Oh, das böse Wasser, das die gute Erde verschluckt! Und wer ist schuldig? Der Mensch in Gestalt einer Baufirma und die Bank, die ihr das Geld gab und die Stadtverwaltung, die schlief. So geht ein Sturzbach der Worte nach dem anderen über uns nieder, wir ersaufen noch in all den Buchstaben, Assoziationsketten, Kalauern mit Bedeutung – und der Mensch pumpt und pumpt gegen das Unheil an, »mit gepumpten Geld, alles auf Pump, alles auf Pumpe, jetzt pumpt uns keiner mehr was«.
Die Schauspieler, diesen Textmutanten ausgeliefert, machen ihre Sache gut: Wie spielt man einen wie aus einem gebrochenen Wasserrohr stetig herausschießenden Text, wie stoppt man diese wässrige Blutung? Indem man sie unterspielt, mit Ironie und Sarkasmus unterspült, wie es Elfriede Jelinek mit einer Beimischung von Ernst Jandl unweigerlich assozieren würde – dafür sind Susanne Barth, Lina Beckmann, Rosemary Hardy, Thomas Loibl und Michael Weber zweifellos die richtige Besetzung.

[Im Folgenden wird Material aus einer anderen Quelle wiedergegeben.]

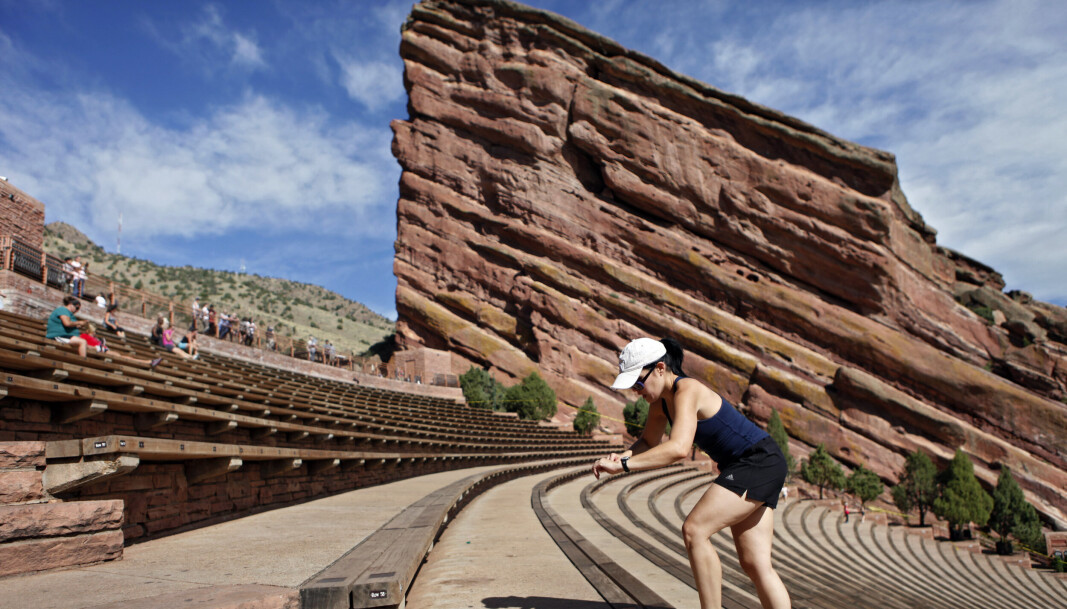 OPPKOBLA: Dette biletet er teke i 2011 og viser ei kvinne som trenar i trappene på Red Rock amfiteater ved Denver i Colorado. Amfiteateret er ifølge nyhetsbyrået AP eit av stadane Amazon skal introdusere teknologien sin "Amazon One", som inneber at forbrukare kan betale ved å stryke handflata si. OPPKOBLA: Dette biletet er teke i 2011 og viser ei kvinne som trenar i trappene på Red Rock amfiteater ved Denver i Colorado. Amfiteateret er ifølge nyhetsbyrået AP eit av stadane Amazon skal introdusere teknologien sin "Amazon One", som inneber at forbrukare kan betale ved å stryke handflata si.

Die Penetranz der Jelinekschen Wortzurichtung, alle ihre Manieriertheit – sie braucht einen Spielplatz, um auszunüchtern. Und den hat Johannes Schütz gebaut, technisch karg, Bürorudiment zu Gerüstfragment gestellt – für die Art, wie es Karin Beier in hohem Tempo inszeniert, funktioniert das durchaus. Ein echter Höhepunkt ist dann der Auftritt der Kölner »Zauberflöten«, einem Schwulenchor, der in weißen Unterhemden aufmarschiert und mit Kraft wie Präzision an die Schleefschen Sternstunden chorischen Sprechens erinnert.
Ein weiteres Bauwerk Jelinekscher Wortauftürmerei, ein interessantes Experiment allemal, wenn auch (wohl durchaus bewusst) auf Treibsand gebaut, wäre hier nun zu besichtigen – gäbe es nicht jenen dritten Teil »Ein Sturz«, daran sich die Geister so scheiden.
Es ist ein mythischer Kulminationspunkt: der Verzweiflungstanz, nein: Kampf, eher noch Krampf der malträtierten Erde mit dem Wasser. Kathrin Wehlisch soll diese Erde verkörpern, muss lehmverschmiert in das auf dem Bühnenboden ständig steigende Wasser hineintauchen, um aus einem Wasserloch – das ein Swimmingpool sein könnte, müsste es nicht als böses Gleichnis dienen – wieder aufzutauchen. Das scheint allerdings unbeholfen, bis zur Peinlichkeit hilflos ins Bild gebracht.
Im starken Schlussapplaus, mitten auf dem Meer des Jubels treibend, klammere ich mich an meine Skepsis wie an einen Rettungsring.